* TASK INSTRUCTIONS:
The first line of the data below and every line after it, through the one with "Gräser im Sonnenuntergang", must be transcribed without change.
[WORKING DATA]
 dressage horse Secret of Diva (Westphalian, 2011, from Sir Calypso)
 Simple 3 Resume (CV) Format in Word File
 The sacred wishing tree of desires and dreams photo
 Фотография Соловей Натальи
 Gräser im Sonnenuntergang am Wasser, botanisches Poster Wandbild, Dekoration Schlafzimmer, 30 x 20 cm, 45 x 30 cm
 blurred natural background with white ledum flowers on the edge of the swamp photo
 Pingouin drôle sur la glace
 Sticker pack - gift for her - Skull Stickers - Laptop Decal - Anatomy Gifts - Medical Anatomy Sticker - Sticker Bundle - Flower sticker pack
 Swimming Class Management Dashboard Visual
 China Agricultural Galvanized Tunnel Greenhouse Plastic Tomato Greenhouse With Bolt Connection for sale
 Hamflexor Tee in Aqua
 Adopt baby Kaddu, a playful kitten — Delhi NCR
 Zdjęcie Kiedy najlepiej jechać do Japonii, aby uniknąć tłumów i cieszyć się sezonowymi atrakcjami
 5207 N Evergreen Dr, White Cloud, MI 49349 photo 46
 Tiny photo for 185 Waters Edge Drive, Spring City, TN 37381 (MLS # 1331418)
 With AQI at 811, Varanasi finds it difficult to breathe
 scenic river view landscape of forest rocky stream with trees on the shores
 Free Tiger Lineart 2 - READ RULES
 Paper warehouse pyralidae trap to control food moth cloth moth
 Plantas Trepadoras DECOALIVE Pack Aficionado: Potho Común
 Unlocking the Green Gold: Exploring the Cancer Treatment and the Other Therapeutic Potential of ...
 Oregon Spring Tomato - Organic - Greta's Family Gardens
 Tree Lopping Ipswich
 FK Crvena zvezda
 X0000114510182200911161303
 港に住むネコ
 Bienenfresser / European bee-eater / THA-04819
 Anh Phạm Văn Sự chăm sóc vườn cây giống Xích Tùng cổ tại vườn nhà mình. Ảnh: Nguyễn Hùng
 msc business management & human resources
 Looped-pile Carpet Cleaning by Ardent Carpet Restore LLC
[/WORKING DATA]
* REPLY:
 dressage horse Secret of Diva (Westphalian, 2011, from Sir Calypso)
 Simple 3 Resume (CV) Format in Word File
 The sacred wishing tree of desires and dreams photo
 Фотография Соловей Натальи
 Gräser im Sonnenuntergang am Wasser, botanisches Poster Wandbild, Dekoration Schlafzimmer, 30 x 20 cm, 45 x 30 cm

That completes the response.